By Max Clarke

An alarming lack of private sector pension provision will place a colossal burden onto the taxpayer.

An estimated two-thirds of private sector employees — 15 million workers - are not in a workplace pension to which their employer contributes, public sector union, UNISON, said today.

This could mean they are forced to rely on benefit top ups paid for by the taxpayer when they retire. UNISON figures reveal that every worker locked out of saving for their retirement costs the taxpayer £15,000 — meaning a potential extra benefit bill running into hundreds of billions of pounds.

The union is calling for decent pensions for all workers — in both public and private sectors. It also highlighted recent studies that have shown decisively that public sector schemes are affordable and sustainable for the long term.

“It is shocking that two thirds of private sector workers are not in a workplace pension to which their employer contributes,” said Dave Prentis, the union’s general secretary. These companies are shirking their responsibilities to their workers, pushing the burden onto the taxpayer. For every worker locked out of saving for their retirement, the taxpayer could get stung for billions more in benefit payments.

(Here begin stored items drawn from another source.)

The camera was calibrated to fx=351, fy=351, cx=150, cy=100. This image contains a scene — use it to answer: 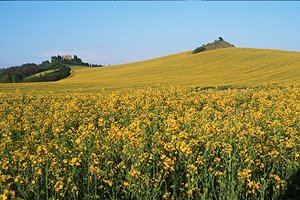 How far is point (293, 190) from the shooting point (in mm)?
6223

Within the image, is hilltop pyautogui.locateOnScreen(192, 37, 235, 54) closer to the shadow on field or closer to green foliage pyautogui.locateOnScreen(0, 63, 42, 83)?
green foliage pyautogui.locateOnScreen(0, 63, 42, 83)

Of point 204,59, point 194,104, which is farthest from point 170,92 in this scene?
point 204,59

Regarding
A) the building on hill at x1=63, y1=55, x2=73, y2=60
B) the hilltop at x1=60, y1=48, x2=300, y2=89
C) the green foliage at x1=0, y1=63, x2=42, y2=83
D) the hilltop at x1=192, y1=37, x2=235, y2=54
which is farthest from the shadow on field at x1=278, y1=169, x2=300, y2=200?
the building on hill at x1=63, y1=55, x2=73, y2=60

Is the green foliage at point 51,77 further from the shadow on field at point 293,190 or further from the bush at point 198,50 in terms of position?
the shadow on field at point 293,190

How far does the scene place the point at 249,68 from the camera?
42844mm

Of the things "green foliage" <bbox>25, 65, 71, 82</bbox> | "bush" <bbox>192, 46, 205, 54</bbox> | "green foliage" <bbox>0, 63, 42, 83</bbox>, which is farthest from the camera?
"bush" <bbox>192, 46, 205, 54</bbox>

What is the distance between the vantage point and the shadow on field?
6.13m

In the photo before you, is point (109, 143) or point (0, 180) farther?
point (109, 143)

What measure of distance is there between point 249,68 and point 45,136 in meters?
38.2

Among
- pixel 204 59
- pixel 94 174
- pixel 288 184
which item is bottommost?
pixel 288 184

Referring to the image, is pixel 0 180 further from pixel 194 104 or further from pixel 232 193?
pixel 194 104

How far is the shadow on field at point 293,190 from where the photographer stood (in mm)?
6133

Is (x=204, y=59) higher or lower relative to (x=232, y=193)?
higher

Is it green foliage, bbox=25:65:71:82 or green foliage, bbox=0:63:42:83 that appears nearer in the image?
green foliage, bbox=25:65:71:82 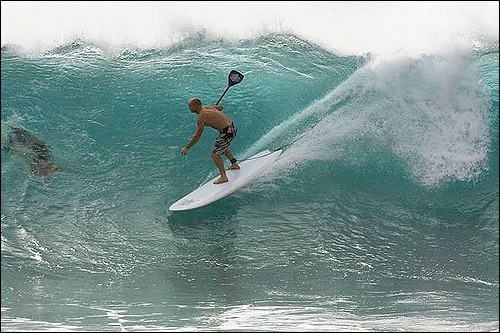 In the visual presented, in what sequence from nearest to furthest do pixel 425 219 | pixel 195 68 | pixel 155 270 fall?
1. pixel 155 270
2. pixel 425 219
3. pixel 195 68

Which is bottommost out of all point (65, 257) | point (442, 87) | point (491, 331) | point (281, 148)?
point (491, 331)

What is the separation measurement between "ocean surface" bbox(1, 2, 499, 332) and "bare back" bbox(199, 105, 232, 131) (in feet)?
3.25

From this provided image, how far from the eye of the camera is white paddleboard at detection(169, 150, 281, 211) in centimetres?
770

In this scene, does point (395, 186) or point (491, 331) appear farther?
point (395, 186)

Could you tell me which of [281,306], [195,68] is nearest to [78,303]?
[281,306]

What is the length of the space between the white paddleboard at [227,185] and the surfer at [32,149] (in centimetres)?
186

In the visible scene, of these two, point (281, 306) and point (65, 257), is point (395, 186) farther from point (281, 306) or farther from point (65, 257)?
point (65, 257)

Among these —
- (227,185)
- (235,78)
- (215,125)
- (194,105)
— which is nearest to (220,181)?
(227,185)

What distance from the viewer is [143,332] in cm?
517

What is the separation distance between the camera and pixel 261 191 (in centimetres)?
798

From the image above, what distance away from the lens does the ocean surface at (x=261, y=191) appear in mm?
6082

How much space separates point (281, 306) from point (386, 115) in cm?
390

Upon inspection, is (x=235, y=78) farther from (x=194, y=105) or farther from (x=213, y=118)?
(x=194, y=105)

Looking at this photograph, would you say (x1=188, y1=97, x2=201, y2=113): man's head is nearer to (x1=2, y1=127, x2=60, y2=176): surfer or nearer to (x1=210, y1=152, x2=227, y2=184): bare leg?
(x1=210, y1=152, x2=227, y2=184): bare leg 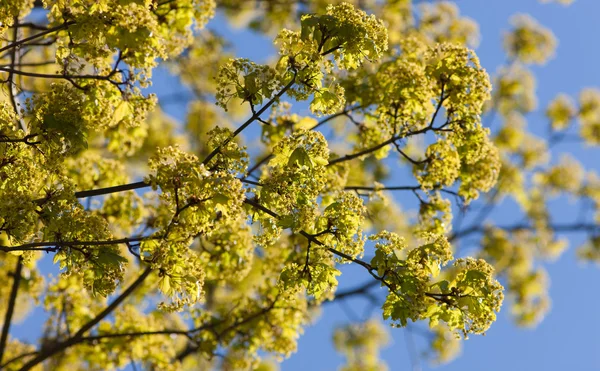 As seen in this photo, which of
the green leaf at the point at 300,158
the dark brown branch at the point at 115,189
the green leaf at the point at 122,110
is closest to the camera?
the dark brown branch at the point at 115,189

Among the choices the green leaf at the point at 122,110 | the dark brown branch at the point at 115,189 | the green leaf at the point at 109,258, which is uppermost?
the green leaf at the point at 122,110

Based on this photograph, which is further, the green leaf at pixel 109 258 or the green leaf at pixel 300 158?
the green leaf at pixel 300 158

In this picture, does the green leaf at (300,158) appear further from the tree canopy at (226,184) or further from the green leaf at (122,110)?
the green leaf at (122,110)

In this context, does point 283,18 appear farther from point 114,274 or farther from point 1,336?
point 114,274

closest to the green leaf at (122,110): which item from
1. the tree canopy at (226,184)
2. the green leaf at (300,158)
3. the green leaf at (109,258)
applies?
the tree canopy at (226,184)

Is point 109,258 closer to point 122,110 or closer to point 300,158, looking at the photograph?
point 300,158

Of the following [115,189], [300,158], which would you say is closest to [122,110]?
[115,189]

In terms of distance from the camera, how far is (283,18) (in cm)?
1384

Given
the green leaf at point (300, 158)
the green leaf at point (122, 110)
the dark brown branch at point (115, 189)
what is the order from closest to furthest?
the dark brown branch at point (115, 189)
the green leaf at point (300, 158)
the green leaf at point (122, 110)

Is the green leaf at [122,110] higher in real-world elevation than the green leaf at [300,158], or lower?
higher

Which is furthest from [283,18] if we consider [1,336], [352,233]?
[352,233]

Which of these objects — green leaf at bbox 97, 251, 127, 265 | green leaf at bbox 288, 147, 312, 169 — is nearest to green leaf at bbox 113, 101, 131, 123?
green leaf at bbox 97, 251, 127, 265

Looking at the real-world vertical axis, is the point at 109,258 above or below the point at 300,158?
below

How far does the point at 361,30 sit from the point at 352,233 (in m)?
1.54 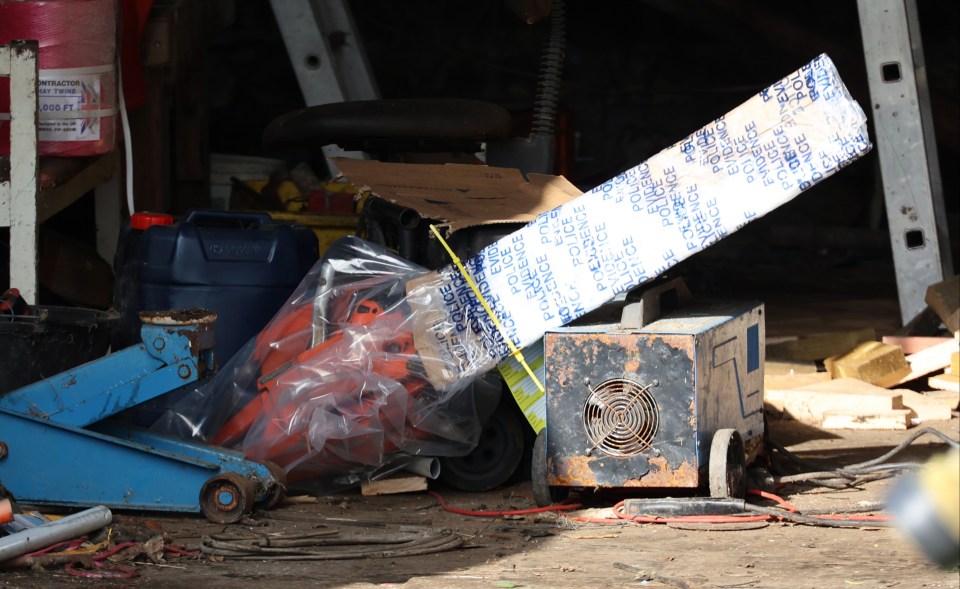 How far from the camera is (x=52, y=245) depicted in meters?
5.85

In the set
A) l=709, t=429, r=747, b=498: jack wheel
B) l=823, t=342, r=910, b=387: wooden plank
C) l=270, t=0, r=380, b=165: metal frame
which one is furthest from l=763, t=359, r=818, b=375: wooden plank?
l=270, t=0, r=380, b=165: metal frame

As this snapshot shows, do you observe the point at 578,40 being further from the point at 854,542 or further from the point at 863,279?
the point at 854,542

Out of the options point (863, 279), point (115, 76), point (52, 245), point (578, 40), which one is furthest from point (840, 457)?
point (578, 40)

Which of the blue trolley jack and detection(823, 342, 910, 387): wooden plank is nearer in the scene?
the blue trolley jack

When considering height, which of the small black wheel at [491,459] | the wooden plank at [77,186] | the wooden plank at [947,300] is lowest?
the small black wheel at [491,459]

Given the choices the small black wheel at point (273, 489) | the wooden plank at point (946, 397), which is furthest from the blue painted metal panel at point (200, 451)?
the wooden plank at point (946, 397)

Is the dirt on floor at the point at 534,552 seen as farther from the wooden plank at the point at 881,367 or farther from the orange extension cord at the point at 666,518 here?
the wooden plank at the point at 881,367

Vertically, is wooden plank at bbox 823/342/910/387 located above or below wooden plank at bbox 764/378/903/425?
above

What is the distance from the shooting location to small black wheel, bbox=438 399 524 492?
13.7ft

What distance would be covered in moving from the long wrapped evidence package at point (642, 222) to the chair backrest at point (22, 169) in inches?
53.3

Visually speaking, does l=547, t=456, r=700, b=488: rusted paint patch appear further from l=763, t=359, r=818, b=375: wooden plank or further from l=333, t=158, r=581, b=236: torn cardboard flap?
l=763, t=359, r=818, b=375: wooden plank

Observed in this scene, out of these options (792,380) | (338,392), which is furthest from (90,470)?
(792,380)

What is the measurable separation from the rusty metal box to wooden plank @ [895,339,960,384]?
2.19m

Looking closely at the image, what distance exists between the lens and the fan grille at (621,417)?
12.2 feet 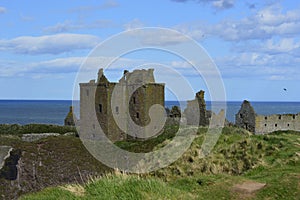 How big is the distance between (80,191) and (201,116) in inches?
1278

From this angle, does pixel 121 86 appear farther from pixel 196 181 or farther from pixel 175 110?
pixel 196 181

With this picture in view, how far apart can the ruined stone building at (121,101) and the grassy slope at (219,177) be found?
21.3 meters

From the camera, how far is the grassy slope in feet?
37.2

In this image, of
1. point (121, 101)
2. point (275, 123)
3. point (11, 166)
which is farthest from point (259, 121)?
point (11, 166)

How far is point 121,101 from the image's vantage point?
4531 centimetres

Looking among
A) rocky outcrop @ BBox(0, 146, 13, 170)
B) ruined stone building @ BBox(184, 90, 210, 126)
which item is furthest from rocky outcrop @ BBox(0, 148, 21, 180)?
ruined stone building @ BBox(184, 90, 210, 126)

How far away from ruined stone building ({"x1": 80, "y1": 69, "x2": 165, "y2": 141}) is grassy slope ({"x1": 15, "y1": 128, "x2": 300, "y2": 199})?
838 inches

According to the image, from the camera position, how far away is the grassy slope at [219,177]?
1134 cm

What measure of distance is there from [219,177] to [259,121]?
30016 mm

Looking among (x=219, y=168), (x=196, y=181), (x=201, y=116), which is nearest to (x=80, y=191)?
(x=196, y=181)

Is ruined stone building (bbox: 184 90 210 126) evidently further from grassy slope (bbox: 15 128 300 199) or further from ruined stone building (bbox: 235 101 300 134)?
grassy slope (bbox: 15 128 300 199)

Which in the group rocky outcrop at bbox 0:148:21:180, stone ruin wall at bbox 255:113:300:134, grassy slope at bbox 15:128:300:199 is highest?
stone ruin wall at bbox 255:113:300:134

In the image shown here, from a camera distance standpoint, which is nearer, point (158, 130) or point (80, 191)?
point (80, 191)

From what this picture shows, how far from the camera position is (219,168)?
56.5ft
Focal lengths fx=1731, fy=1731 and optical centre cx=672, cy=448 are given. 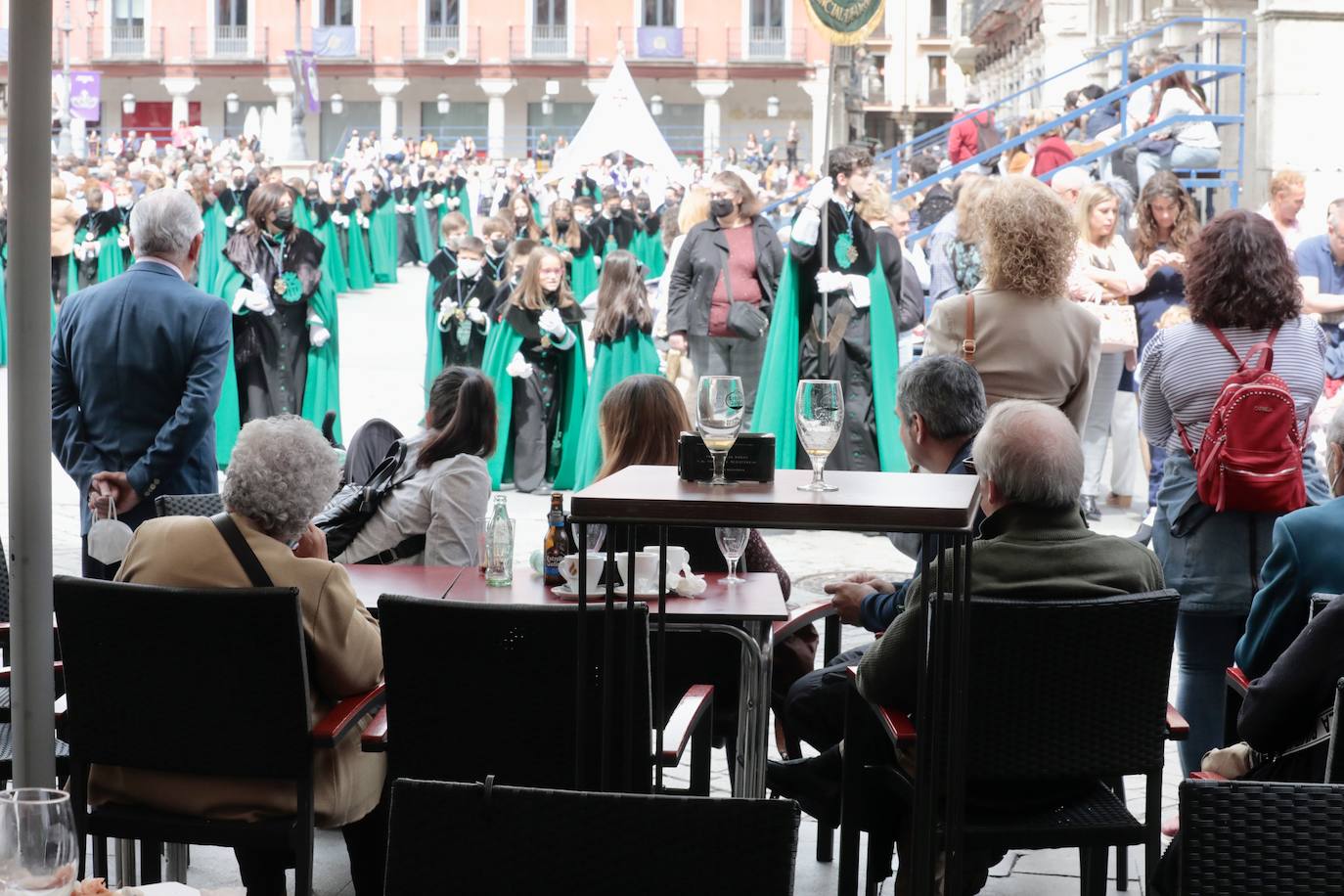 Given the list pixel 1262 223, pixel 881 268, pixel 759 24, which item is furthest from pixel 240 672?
pixel 759 24

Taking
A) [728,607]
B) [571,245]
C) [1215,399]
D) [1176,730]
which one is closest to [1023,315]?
[1215,399]

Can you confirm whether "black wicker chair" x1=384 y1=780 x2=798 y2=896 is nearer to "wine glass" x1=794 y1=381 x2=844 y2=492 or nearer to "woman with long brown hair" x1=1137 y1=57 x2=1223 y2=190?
"wine glass" x1=794 y1=381 x2=844 y2=492

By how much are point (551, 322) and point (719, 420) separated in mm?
6296

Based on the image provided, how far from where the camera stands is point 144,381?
180 inches

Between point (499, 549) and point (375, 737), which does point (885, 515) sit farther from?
point (499, 549)

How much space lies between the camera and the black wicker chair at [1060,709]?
9.36 ft

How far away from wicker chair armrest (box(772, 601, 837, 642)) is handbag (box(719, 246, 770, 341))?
13.8 feet

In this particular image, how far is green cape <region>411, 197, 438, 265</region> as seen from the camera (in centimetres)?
2623

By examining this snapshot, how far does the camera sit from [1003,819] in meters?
2.96

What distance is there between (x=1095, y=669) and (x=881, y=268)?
16.9ft

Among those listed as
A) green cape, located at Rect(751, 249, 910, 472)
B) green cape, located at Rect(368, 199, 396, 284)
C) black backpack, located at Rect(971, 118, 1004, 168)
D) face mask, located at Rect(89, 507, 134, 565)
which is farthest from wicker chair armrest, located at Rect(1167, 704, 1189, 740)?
green cape, located at Rect(368, 199, 396, 284)

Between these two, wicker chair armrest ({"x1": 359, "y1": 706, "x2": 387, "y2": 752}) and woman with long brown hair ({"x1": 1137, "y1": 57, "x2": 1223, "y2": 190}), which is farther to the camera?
woman with long brown hair ({"x1": 1137, "y1": 57, "x2": 1223, "y2": 190})

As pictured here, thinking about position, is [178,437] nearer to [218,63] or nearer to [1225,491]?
[1225,491]

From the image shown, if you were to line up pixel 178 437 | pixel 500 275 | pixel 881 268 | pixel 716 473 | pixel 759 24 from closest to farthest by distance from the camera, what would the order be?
pixel 716 473 → pixel 178 437 → pixel 881 268 → pixel 500 275 → pixel 759 24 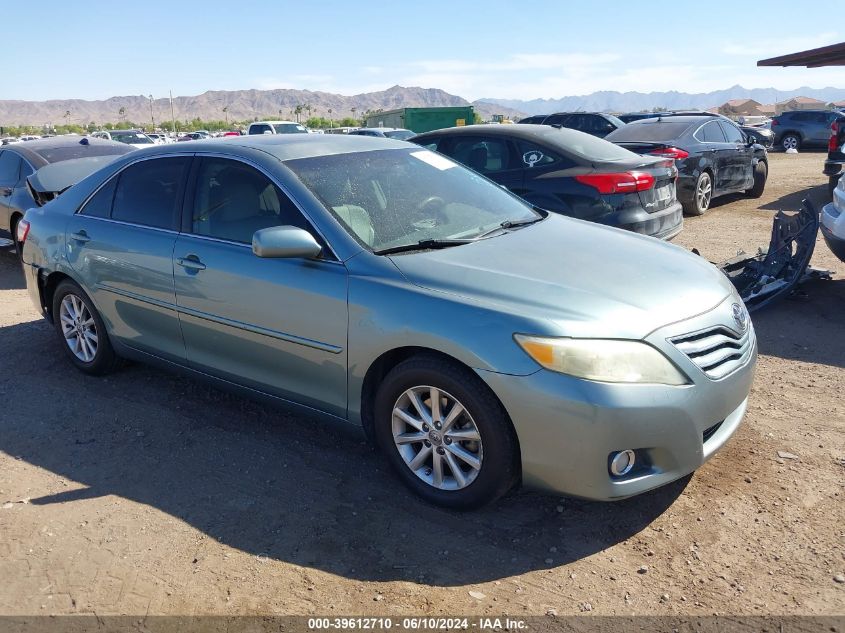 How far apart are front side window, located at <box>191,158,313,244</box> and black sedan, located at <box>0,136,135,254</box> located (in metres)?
5.00

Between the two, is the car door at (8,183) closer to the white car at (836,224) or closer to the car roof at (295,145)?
the car roof at (295,145)

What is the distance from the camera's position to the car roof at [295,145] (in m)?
4.14

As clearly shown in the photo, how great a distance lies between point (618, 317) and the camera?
305cm

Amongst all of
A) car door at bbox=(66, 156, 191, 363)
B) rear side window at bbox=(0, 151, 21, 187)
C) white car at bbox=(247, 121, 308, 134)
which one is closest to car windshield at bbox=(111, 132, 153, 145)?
white car at bbox=(247, 121, 308, 134)

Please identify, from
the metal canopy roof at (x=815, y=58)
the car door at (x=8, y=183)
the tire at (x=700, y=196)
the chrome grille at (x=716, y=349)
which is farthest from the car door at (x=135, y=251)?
the metal canopy roof at (x=815, y=58)

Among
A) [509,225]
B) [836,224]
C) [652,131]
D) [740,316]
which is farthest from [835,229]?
[652,131]

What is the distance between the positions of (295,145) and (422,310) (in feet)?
5.18

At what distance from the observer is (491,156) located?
756 cm

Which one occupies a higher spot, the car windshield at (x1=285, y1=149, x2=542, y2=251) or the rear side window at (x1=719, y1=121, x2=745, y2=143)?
the rear side window at (x1=719, y1=121, x2=745, y2=143)

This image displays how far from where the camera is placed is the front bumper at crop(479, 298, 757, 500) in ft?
9.45

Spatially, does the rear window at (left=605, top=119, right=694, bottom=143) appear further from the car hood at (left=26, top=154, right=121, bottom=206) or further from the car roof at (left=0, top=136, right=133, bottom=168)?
the car hood at (left=26, top=154, right=121, bottom=206)

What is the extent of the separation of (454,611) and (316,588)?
57 cm

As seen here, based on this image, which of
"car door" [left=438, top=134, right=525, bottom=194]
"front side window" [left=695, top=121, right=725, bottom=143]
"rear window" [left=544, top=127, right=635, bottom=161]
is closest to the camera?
"rear window" [left=544, top=127, right=635, bottom=161]

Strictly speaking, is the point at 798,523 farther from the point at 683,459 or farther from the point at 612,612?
the point at 612,612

“But instead of dealing with skinflint employers, the government shamelessly uses the lack of private sector pensions as a stick to beat public sector workers with. The latest round of attacks on public sector pensions is based on myths and ideology. Research by independent experts such as the Institute for Fiscal Studies (IFS) and the Chartered Institute of Public Finance and Accountancy (CIPFA) prove the schemes are affordable and sustainable for the long-term.

“And the government’s plans to auto-enrole workers into the NEST scheme will not go far enough. Unless we bring all pensions up to a decent level, we are running the risk of condemning a generation of people into poverty in their retirement — and a huge burden on the taxpayer.”